Настоящие пациенты – это те, которые оправдывают своё название: сначала терпят, потом умирают, оправдывая ожидание докторов. Ну, что ещё можно было ожидать от такого состояния, сами виноваты, о чём думали раньше, образ жизни какой вели, почему не лечились, так всё запущено, вам же говорилось и прочее. С уходом очередного пациента одной проблемой становится меньше, жить врачу – проще, ведь всегда найдутся другие, лёгкие случаи, которых лечить особенно не нужно, просто записать историю болезни, авось, природа вытянет, а награда за это – врачам.

Правда, и доктора в своё время становятся пациентами. И тоже мрут. У тех, кто любил принимать на грудь, в голове сосуд лопнул; тот, кто себя слишком берёг, скорость превысил и заграждение на обочине; ту, которая диагноз не тот поставила, хлопнули чем-то; а кто и от возраста просто, естественно и спокойно изменил свой статус. И если сами доктора или их близкие болеют, то тут уж они изощряются по-настоящему, не так, как их учили, на всё идут, чтобы свой же клан вытянуть-вытащить. Но тщетно.

Есть бедные и богатые пациенты. Бедные болеют и умирают сами, у таких всё проходит естественным путём: выживет – не выживет, как любит – не любит, плюнет – поцелует. Богатые умирают при помощи врачей и лекарств – неестественным путём, и на это уходит немного больше времени. Бедные пациенты более живучи – им не на кого надеяться, кроме как на Всевышнего, и живут, как могут, до последнего. И часто выживают. Другое дело – пациенты богатые. Вот уж кого воистину жаль. Такие никак ни смириться, ни понять не могут, что их деньги и врачи ничего не значат. Вот и мыкаются эти бедолаги от клиники к клинике, от операции к операции, от консилиума к консилиуму, – «я сам обманываться рад!»

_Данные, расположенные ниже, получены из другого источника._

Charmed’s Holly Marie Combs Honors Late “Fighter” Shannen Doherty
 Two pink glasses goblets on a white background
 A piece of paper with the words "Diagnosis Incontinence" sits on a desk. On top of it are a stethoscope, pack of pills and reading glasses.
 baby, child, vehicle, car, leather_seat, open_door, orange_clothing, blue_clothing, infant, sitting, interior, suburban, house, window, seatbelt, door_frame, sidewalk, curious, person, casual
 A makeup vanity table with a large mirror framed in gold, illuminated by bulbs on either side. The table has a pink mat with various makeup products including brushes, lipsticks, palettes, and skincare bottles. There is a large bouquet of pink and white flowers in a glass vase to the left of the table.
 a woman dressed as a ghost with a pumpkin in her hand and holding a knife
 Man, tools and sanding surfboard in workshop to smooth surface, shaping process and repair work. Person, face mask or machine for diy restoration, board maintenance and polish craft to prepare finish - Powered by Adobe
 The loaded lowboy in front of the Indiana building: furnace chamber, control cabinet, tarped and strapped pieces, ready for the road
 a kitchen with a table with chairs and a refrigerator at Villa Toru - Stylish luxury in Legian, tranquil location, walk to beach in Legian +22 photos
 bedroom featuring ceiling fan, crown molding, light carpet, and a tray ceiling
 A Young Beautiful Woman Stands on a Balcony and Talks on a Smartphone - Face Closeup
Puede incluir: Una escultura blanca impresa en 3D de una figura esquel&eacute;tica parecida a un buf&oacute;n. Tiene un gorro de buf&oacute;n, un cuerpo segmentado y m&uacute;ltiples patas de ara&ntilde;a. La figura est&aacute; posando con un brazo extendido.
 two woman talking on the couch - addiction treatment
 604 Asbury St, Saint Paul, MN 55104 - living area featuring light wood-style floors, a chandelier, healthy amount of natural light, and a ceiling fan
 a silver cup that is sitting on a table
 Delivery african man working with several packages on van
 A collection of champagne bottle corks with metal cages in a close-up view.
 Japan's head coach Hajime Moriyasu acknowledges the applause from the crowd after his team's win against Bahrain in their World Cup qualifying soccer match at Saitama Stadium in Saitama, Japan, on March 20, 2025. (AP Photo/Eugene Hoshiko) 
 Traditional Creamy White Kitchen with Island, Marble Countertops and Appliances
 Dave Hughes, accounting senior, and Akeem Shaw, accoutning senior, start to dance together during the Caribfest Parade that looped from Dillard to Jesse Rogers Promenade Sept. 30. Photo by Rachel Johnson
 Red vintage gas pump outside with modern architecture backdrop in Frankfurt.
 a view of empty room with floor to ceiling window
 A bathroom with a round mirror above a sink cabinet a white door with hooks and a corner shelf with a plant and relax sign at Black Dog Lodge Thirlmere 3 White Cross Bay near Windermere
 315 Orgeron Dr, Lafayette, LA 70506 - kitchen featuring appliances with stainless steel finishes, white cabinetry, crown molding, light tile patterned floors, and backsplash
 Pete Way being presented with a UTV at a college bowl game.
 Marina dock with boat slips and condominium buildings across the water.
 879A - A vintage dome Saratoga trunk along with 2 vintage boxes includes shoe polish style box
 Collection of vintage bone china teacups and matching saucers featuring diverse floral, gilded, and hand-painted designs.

Есть пациенты старые и молодые. Старые нередко умирают. Молодые нередко выздоравливают. На время до тех пор, пока станут старыми. Старые смирились, привыкли к мысли, что уйти придётся. Привыкли через приступы, боль, реанимации, обмороки, операции и прочее, подготовленные к неизбежности, хотя до конца не сознают величия самой минуты. Им, старым пациентам, страшно, но уже не так. И хочется ещё пожить, программы досмотреть до конца, хотя самые интересные места уже просмотрены. Но скучно уже становится, всё повторяется, и хочется уже на боковую. Постепенно наступает равнодушие: сначала к другим, потом к себе. И она, та самая старая дама, словно насмехаясь, нарочно медлит с этими, не забирает – вы ж хотели долго жить, голубчики, молились, просили, так меня боялись, так живите, мучайтесь, пока меня просить не будете, чтобы вас забрать. А я, вот, посмотрю, полюбуюсь на вас – как вам такая жизнь с болью в позвоночнике и в новых тазобедренных суставах, со вставленными коленными чашечками и слуховыми аппаратами, катарактами и грыжами, инсулином и инвалидным креслом, бессонницей и беспомощностью, клизмами и недержанием мочи! Живите, наслаждайтесь! Слава социальным работникам, сострадательным мученикам-близким! Пусть живёт медперсонал-великомученик, если вам повезло так жить в развитых странах!

Пациенты молодые всё же выздоравливают, если нет чего-то летального или генетического. Или приобретённого разными путями. Ведь они пока на восходящей синусоиде. А геометрия – наука точная. Молодые пациенты выходят из больницы с просветлёнными лицами. Кажется, им приоткрылась таинственная дверца, и они увидели перспективу сказки, сценарий и замысел которой им ещё не вполне понятен. Впрочем, дверца быстро захлопывается, и молодые, выздоровевшие на время пациенты, снова возвращаются к прежним вредным привычкам, избавляться от которых нет никакого смысла.

Так проходит время, которое лечит душу и убивает тело. На смену одним пациентам приходят другие, лишь болезни и недуги постоянны. И постоянно их лечение.